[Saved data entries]
————————
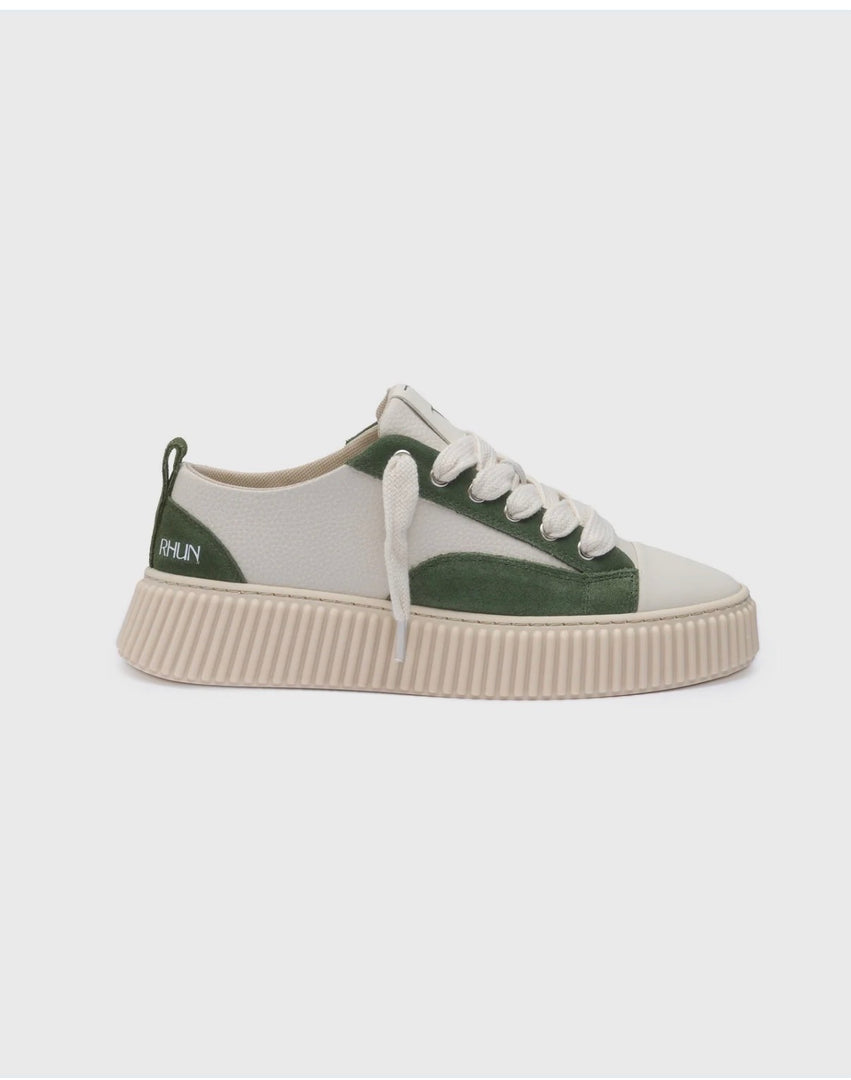 Rhun 2027 beige grain leather suede green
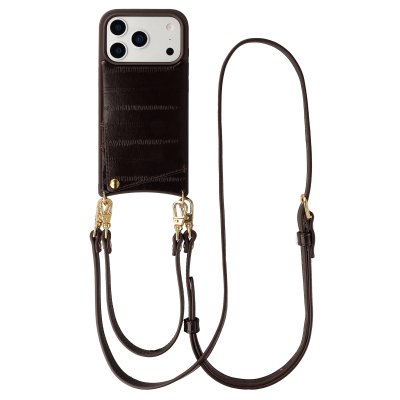 SELENCIA  Nova coque arri&egrave;re en cuir v&eacute;ritable avec porte-cartes Apple iPhone 17 Pro - Dark Chocolate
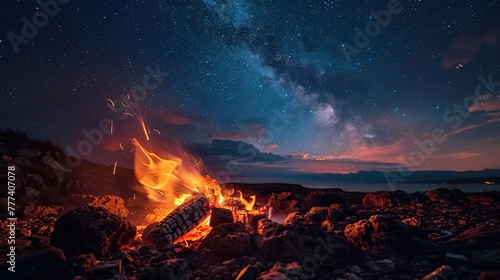 Campfire under a starlit sky at twilight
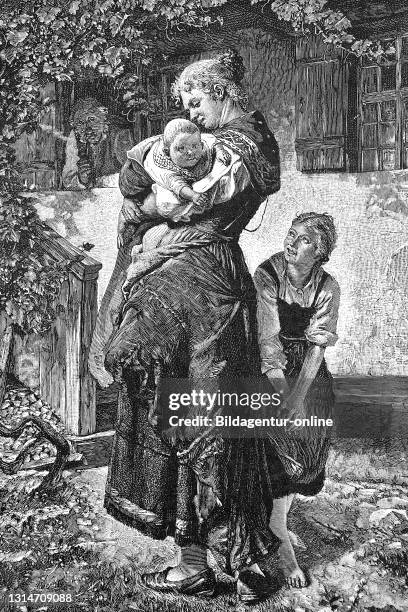 Mother with two children standing in the garden, Germany, 1887 / Mutter mit zwei Kindern steht im Garten, Deutschland Historisch, historical, digital...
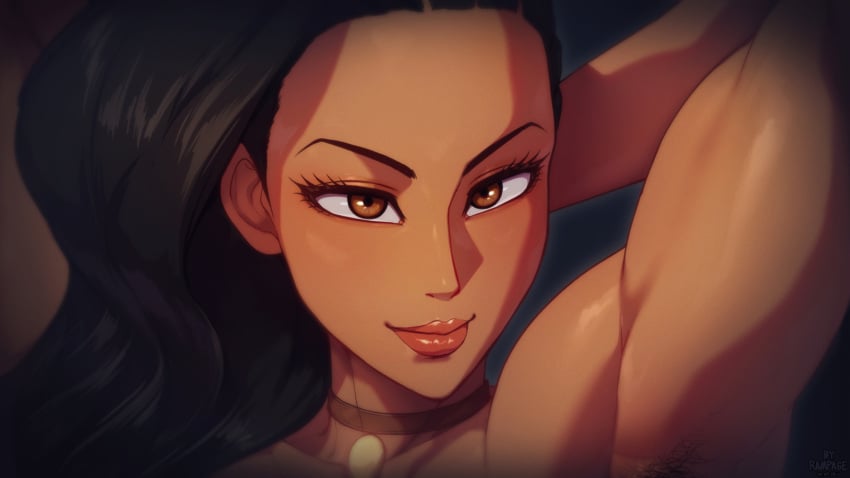 2d armpit armpit_fetish armpit_hair armpits arms_up athletic athletic_female biceps black_hair brazilian brazilian_female brown_eyes capcom choker female female_armpit_hair female_focus female_only hairy_armpits laura_matsuda long_hair makeup rampage0118 street_fighter tagme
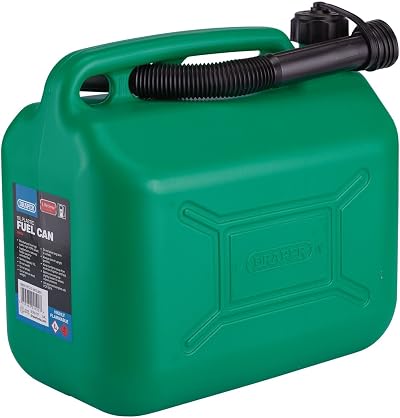 Draper 10L Plastic Petrol Can with Flexible Spout Green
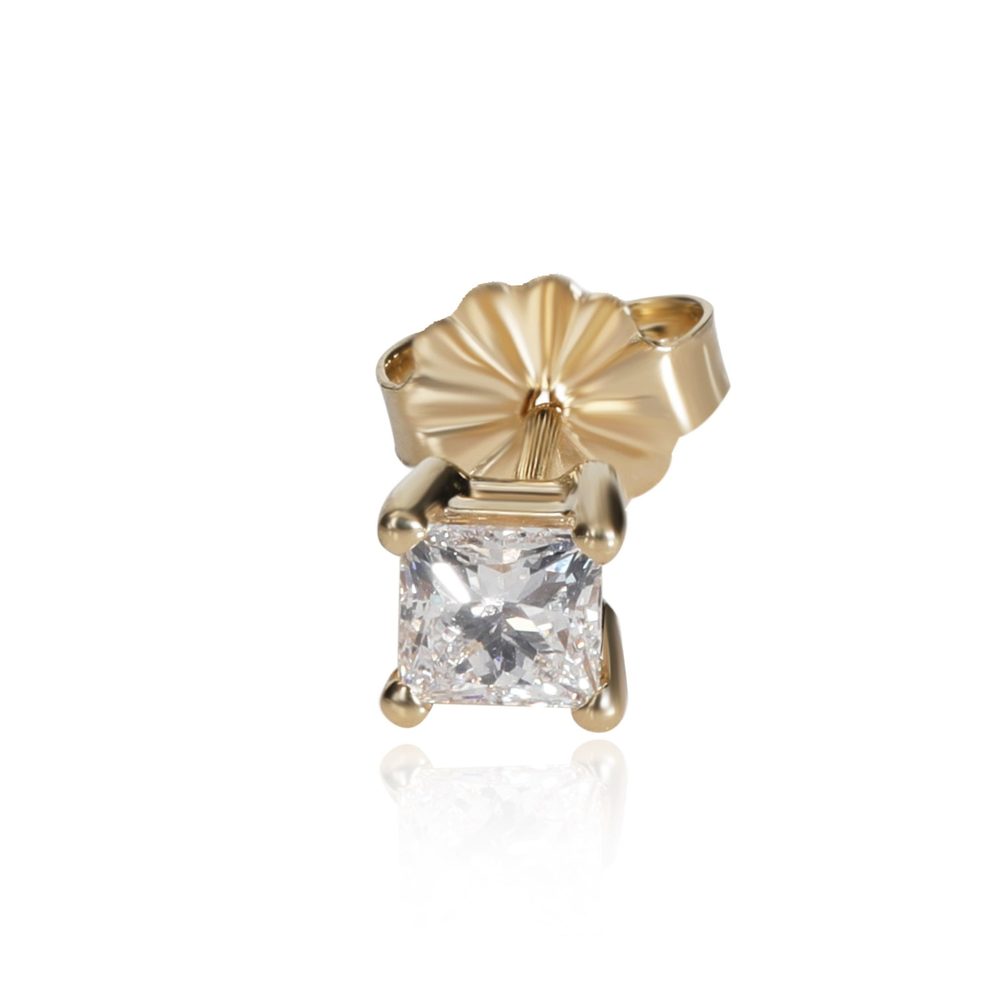 GIA Certified Princess Cut Single Stud in 14KT Yellow Gold (D SI1 0.31 Ct)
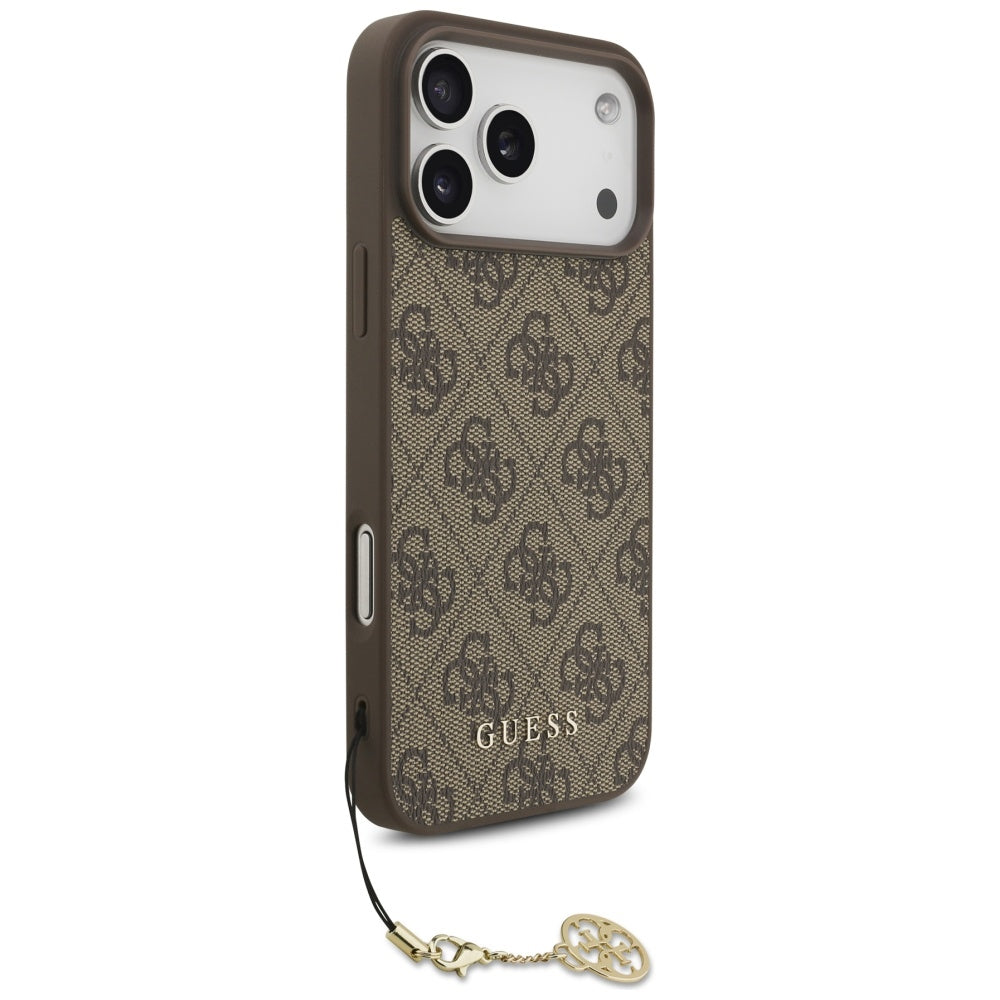 Guess iPhone 17 Pro Max - 4G Charms Collection MagSafe - Θήκη με Επένδυση Συνθετικού Δέρματος - Brown - GUHMP17XGF4GCW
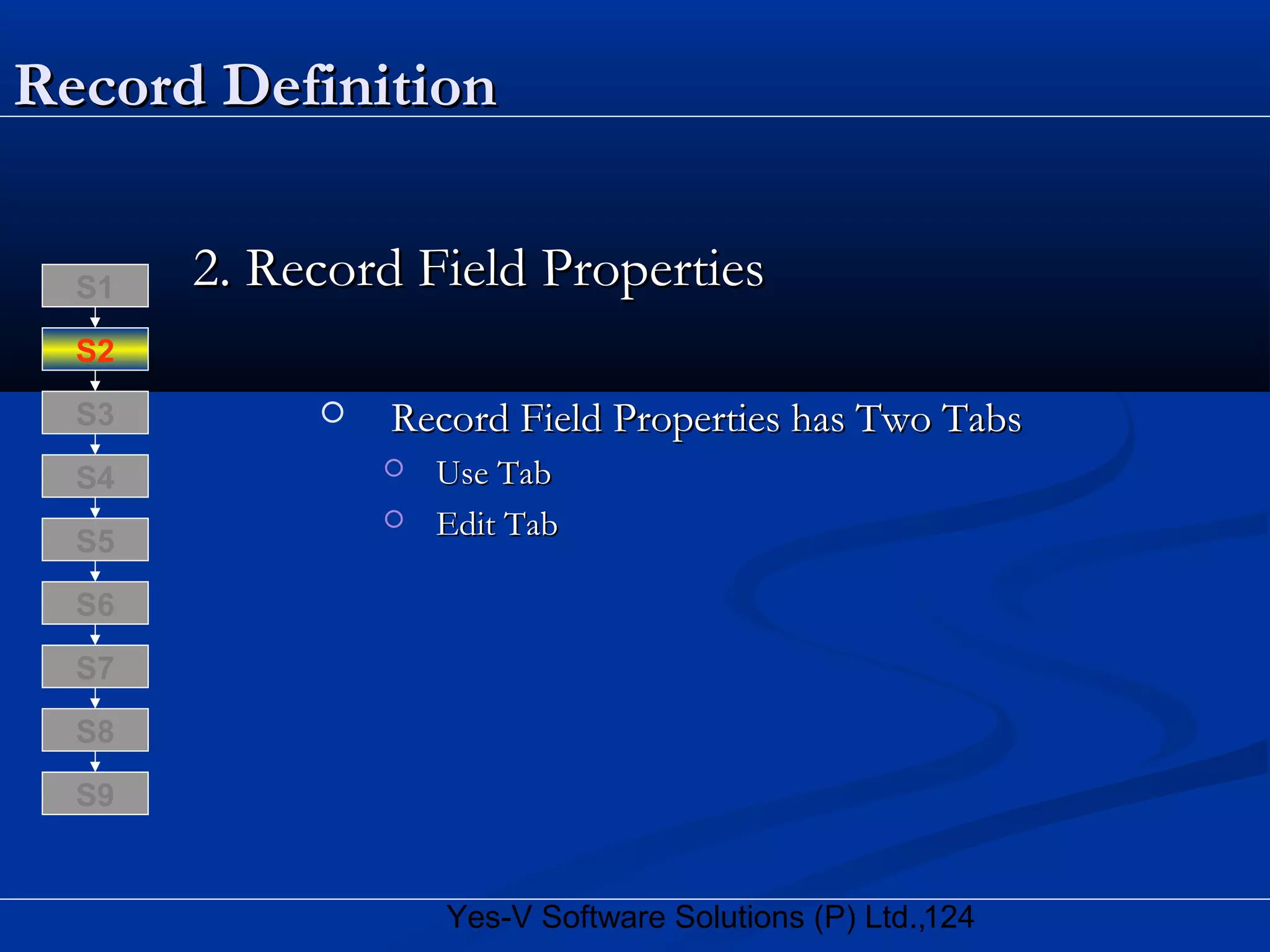 124Yes-V Software Solutions (P) Ltd.,
Record DefinitionRecord Definition
2. Record Field Properties2. Record Field Properties
 Record Field Properties has Two TabsRecord Field Properties has Two Tabs
 Use TabUse Tab
 Edit TabEdit Tab
S8
S9
S7
S6
S5
S4
S3
S2
S1
 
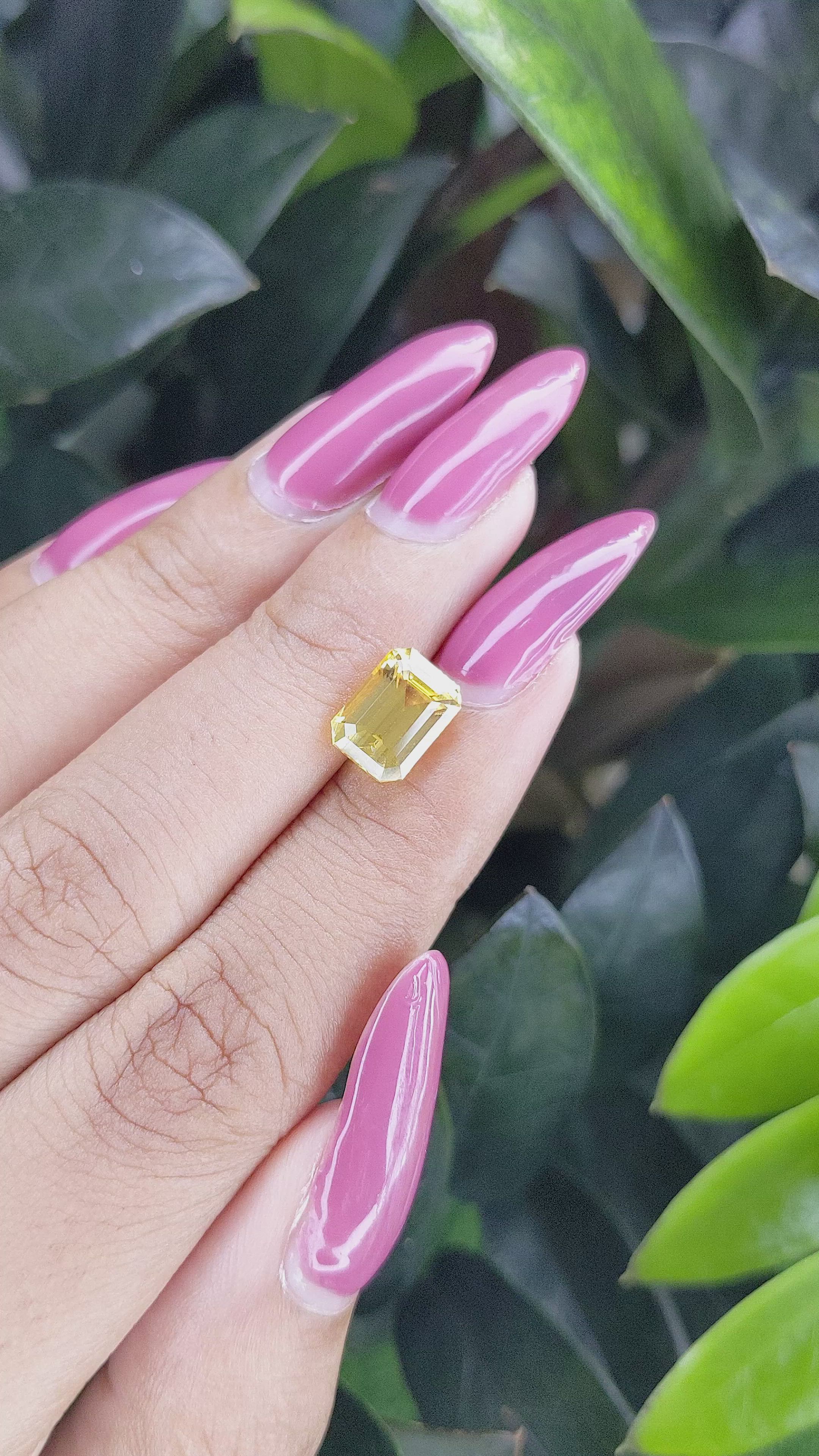 3.51 Ct. Yellow Sapphire from Ceylon (Sri Lanka) Size Video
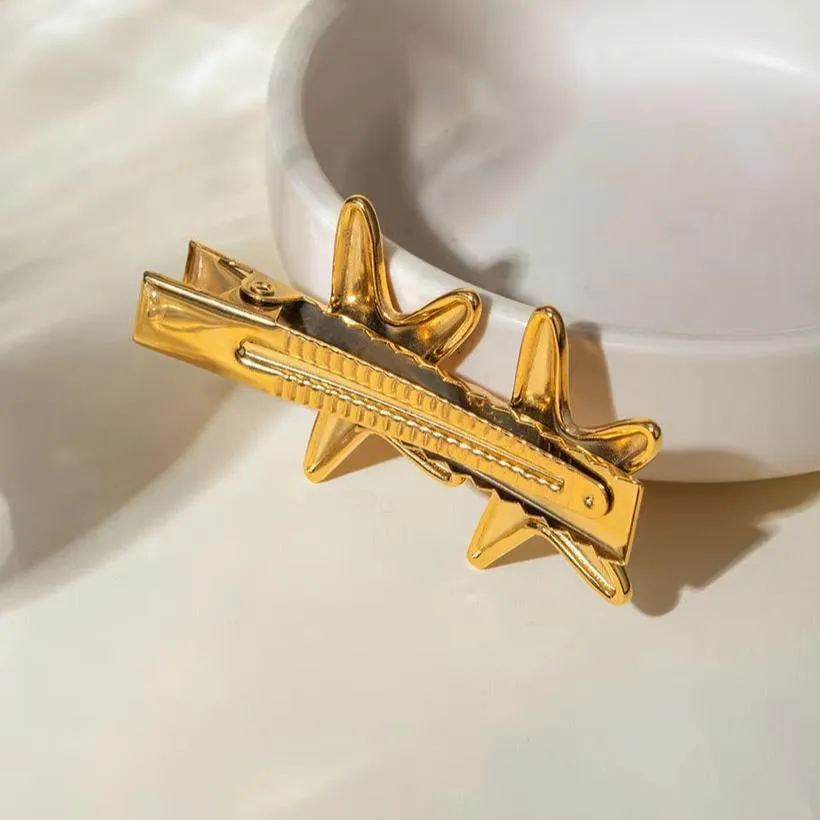 Tropical Starfish Gold Hair Clip – Hypoallergenic and Waterproof Accessory for Beachside Charm sold by Hensley London product image thumbnail 5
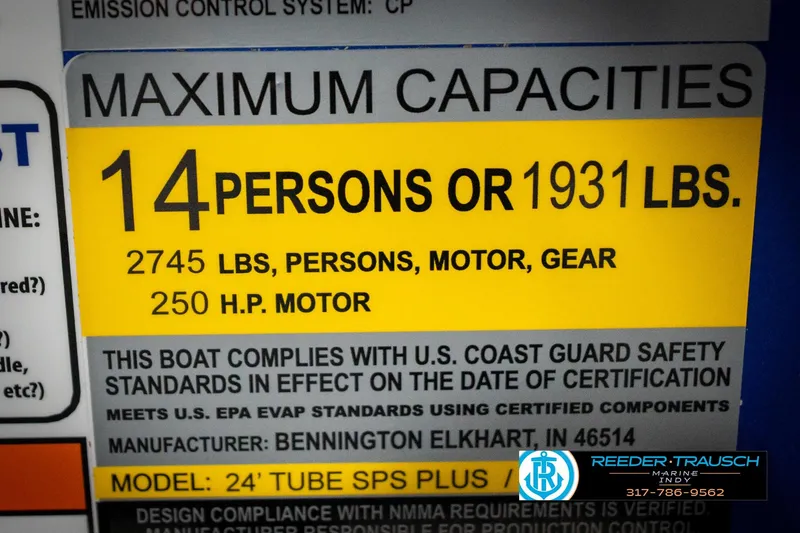 Slide: The Image of 2026 Bennington 25 SSR capacity label: 14 persons, 1931 lbs, 250 HP motor compliance. - 56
————————
Activity: Return only the lines running from the top of the data to the line that holds "3.51 Ct. Yellow". Include both of those lines, but skip the pictures.

Response to this exercise:
 Rhun 2027 beige grain leather suede green
 SELENCIA  Nova coque arri&egrave;re en cuir v&eacute;ritable avec porte-cartes Apple iPhone 17 Pro - Dark Chocolate
 Campfire under a starlit sky at twilight
 Mother with two children standing in the garden, Germany, 1887 / Mutter mit zwei Kindern steht im Garten, Deutschland Historisch, historical, digital...
 2d armpit armpit_fetish armpit_hair armpits arms_up athletic athletic_female biceps black_hair brazilian brazilian_female brown_eyes capcom choker female female_armpit_hair female_focus female_only hairy_armpits laura_matsuda long_hair makeup rampage0118 street_fighter tagme
 Draper 10L Plastic Petrol Can with Flexible Spout Green
 GIA Certified Princess Cut Single Stud in 14KT Yellow Gold (D SI1 0.31 Ct)
 Guess iPhone 17 Pro Max - 4G Charms Collection MagSafe - Θήκη με Επένδυση Συνθετικού Δέρματος - Brown - GUHMP17XGF4GCW
 124Yes-V Software Solutions (P) Ltd.,
Record DefinitionRecord Definition
2. Record Field Properties2. Record Field Properties
 Record Field Properties has Two TabsRecord Field Properties has Two Tabs
 Use TabUse Tab
 Edit TabEdit Tab
S8
S9
S7
S6
S5
S4
S3
S2
S1
 
 3.51 Ct. Yellow Sapphire from Ceylon (Sri Lanka) Size Video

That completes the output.